**DATASET CONTENT**
-*-*-
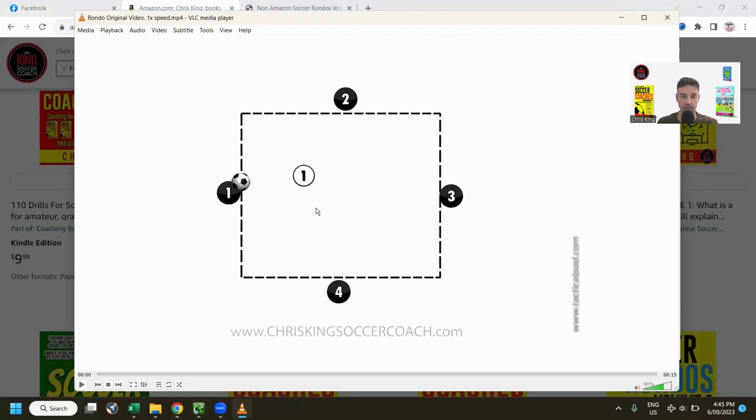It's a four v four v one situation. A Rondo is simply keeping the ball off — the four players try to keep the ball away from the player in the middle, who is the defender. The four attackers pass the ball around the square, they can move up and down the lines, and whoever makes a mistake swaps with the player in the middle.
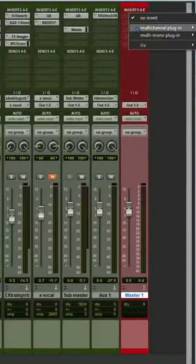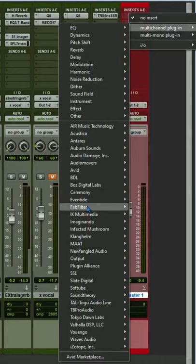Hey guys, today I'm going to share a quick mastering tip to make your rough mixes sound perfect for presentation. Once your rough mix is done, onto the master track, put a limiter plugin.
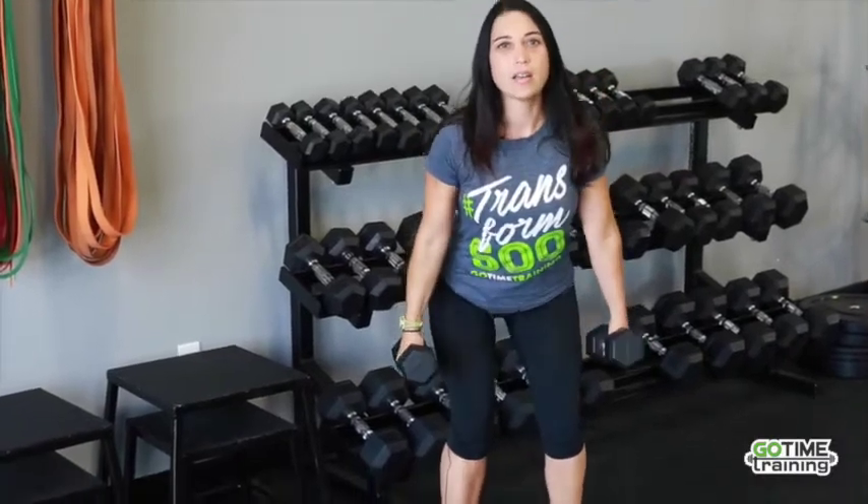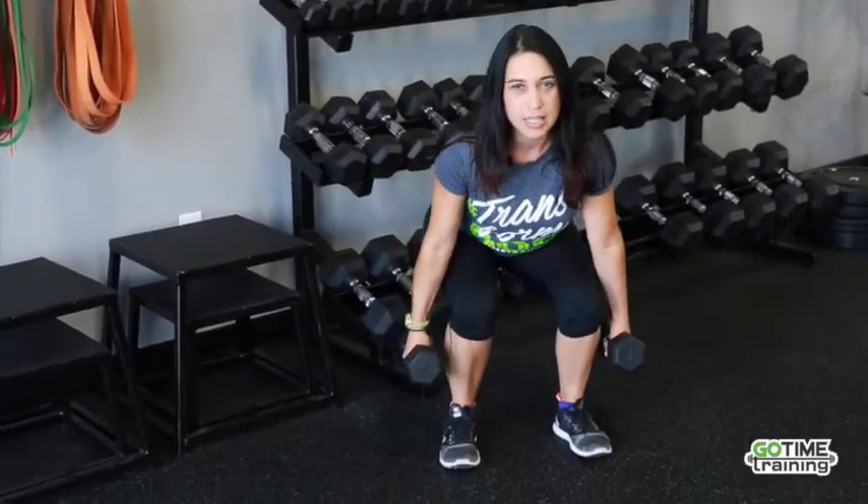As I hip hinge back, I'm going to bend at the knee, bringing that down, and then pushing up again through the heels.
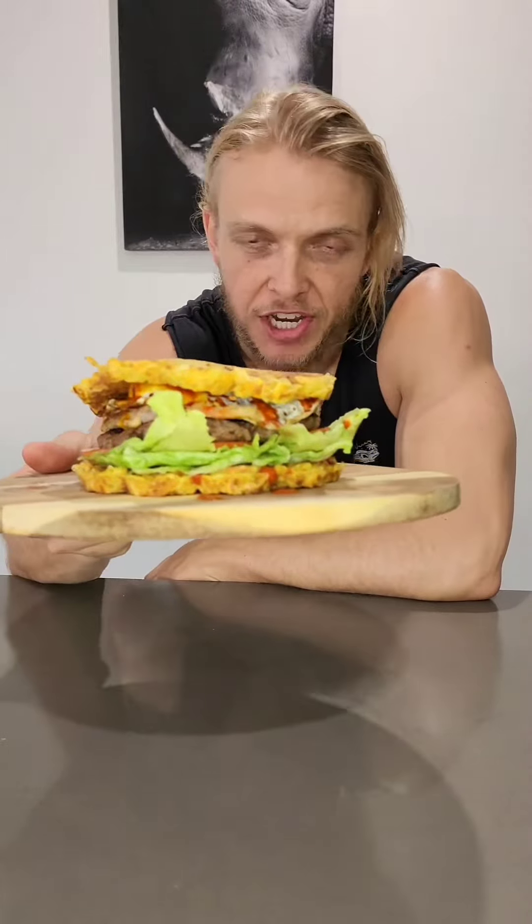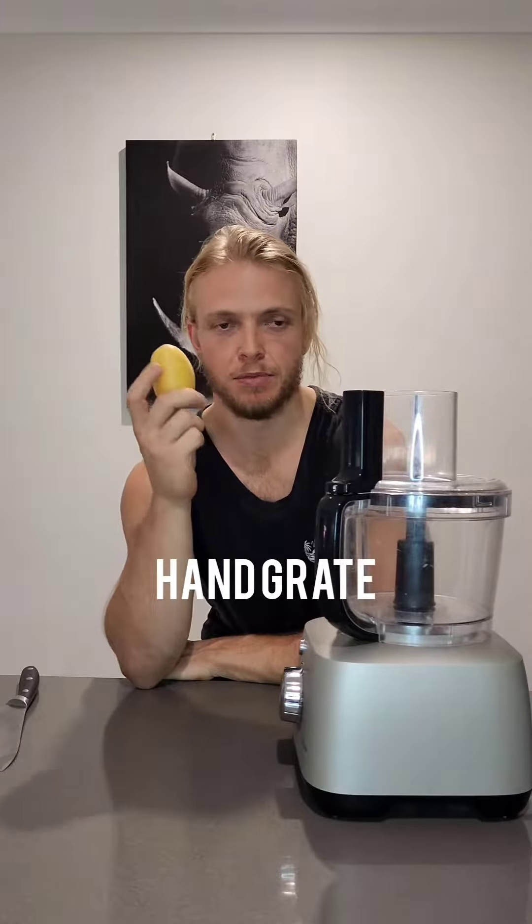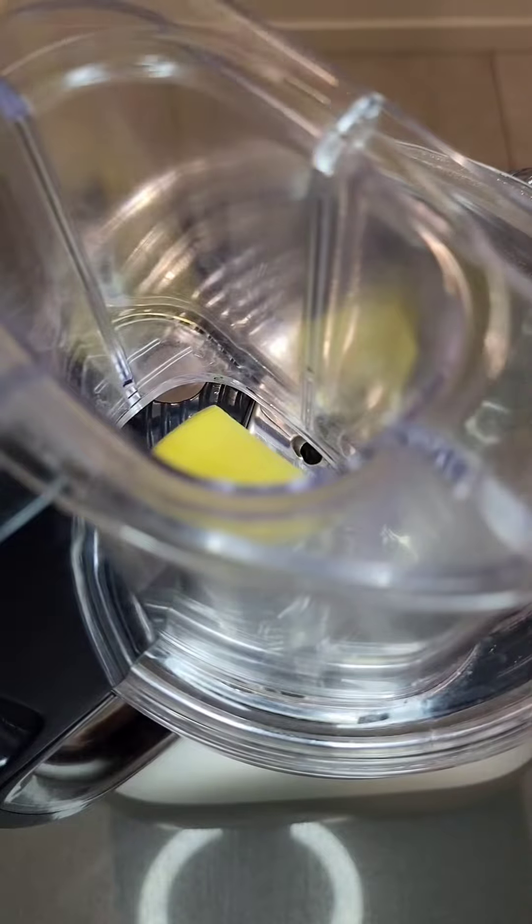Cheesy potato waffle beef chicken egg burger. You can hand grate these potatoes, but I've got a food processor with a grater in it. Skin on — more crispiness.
-*-*-
**WHAT YOU NEED TO DO**
Print the stretch of the data from the line with "Hey guys, today" through its last line, exactly and with both ends kept. Omit pictures.

**SOLUTION TO THE EXERCISE**
Hey guys, today I'm going to share a quick mastering tip to make your rough mixes sound perfect for presentation. Once your rough mix is done, onto the master track, put a limiter plugin.
As I hip hinge back, I'm going to bend at the knee, bringing that down, and then pushing up again through the heels.
Cheesy potato waffle beef chicken egg burger. You can hand grate these potatoes, but I've got a food processor with a grater in it. Skin on — more crispiness.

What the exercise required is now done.